Since Olympic beach volleyball debuted in 1996, there has usually been one clear top U.S. women’s team.

It was May-Treanor and Walsh Jennings for a decade (aside from when each player took a break), then Walsh Jennings and Ross and then Ross and Alix Klineman, the Tokyo gold medalists.

This is the first time that a U.S. women’s team without Walsh Jennings or Ross made the final four of an Olympics or worlds since 2004 (h/t @TeamUSATracker).

Ross and Klineman haven’t played together since October 2021 with each player taking maternity leave. Ross, at 41, may be done playing internationally.

It appeared the torch would be passed last fall after Cheng (née Claes) and Hughes, once considered the U.S. heirs, reunited after four years apart.

They won their first four tournaments together through January’s FIVB World Tour Finals.

Kloth and Nuss, former LSU teammates, began 2023 having to go through qualifying to earn main draw spots at international tournaments.

They earned their first top-level international title at the end of April — as the ninth seed.

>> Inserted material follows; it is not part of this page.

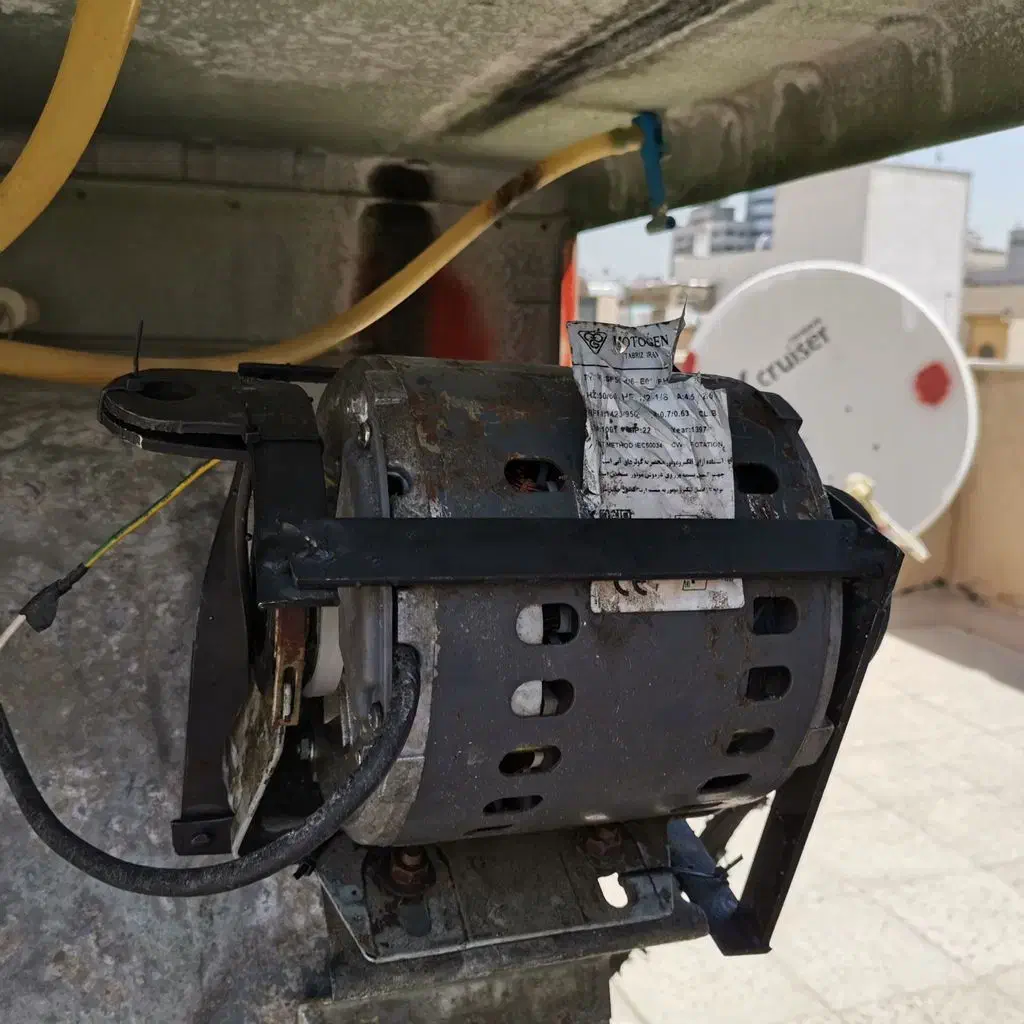 محافظ موتور کولر|کولر آبی|نهاوند, |دیوار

They beat Cheng and Hughes (for the first time in their fifth try, according to BVBinfo.com) and then Olympic silver medalists Mariafe Artacho and Taliqua Clancy of Australia in the last two matches of that event.

Kloth and Nuss added two more domestic AVP titles this summer, again beating Cheng and Hughes. They were runners-up at the last two top-level international events leading up to worlds.

At worlds, Kloth and Nuss won their first five matches in two-set sweeps before being pushed to three in Friday’s quarterfinals. Cheng and Hughes lost their group play finale, then dropped a set in their round of 32 and round of 16 matches before a quarterfinals sweep.

Now, Cheng and Hughes, eliminated before the semifinals of their last three international events, have the chance to re-establish themselves as the top Americans and, possibly, best in the world over the next two days.

In the men’s tournament, reigning Olympic and world champions Anders Mol and Christian Sørum of Norway were ousted in Friday’s quarterfinals by Czechs Ondřej Perušič and David Schweiner.

That ended a streak off 11 consecutive World Tour semifinals for the Norwegians dating back more than one year.

In Saturday’s semis, the Czechs play Theo Brunner and Trevor Crabb, who entered worlds ranked third among American teams in Olympic qualifying.

Since partnering at the start of 2023, Brunner and Crabb’s best finish in three top-level international tournaments was 13th.

It’s the first time the U.S. has three combined men’s and women’s teams in the semifinals of an Olympics or worlds since 2003.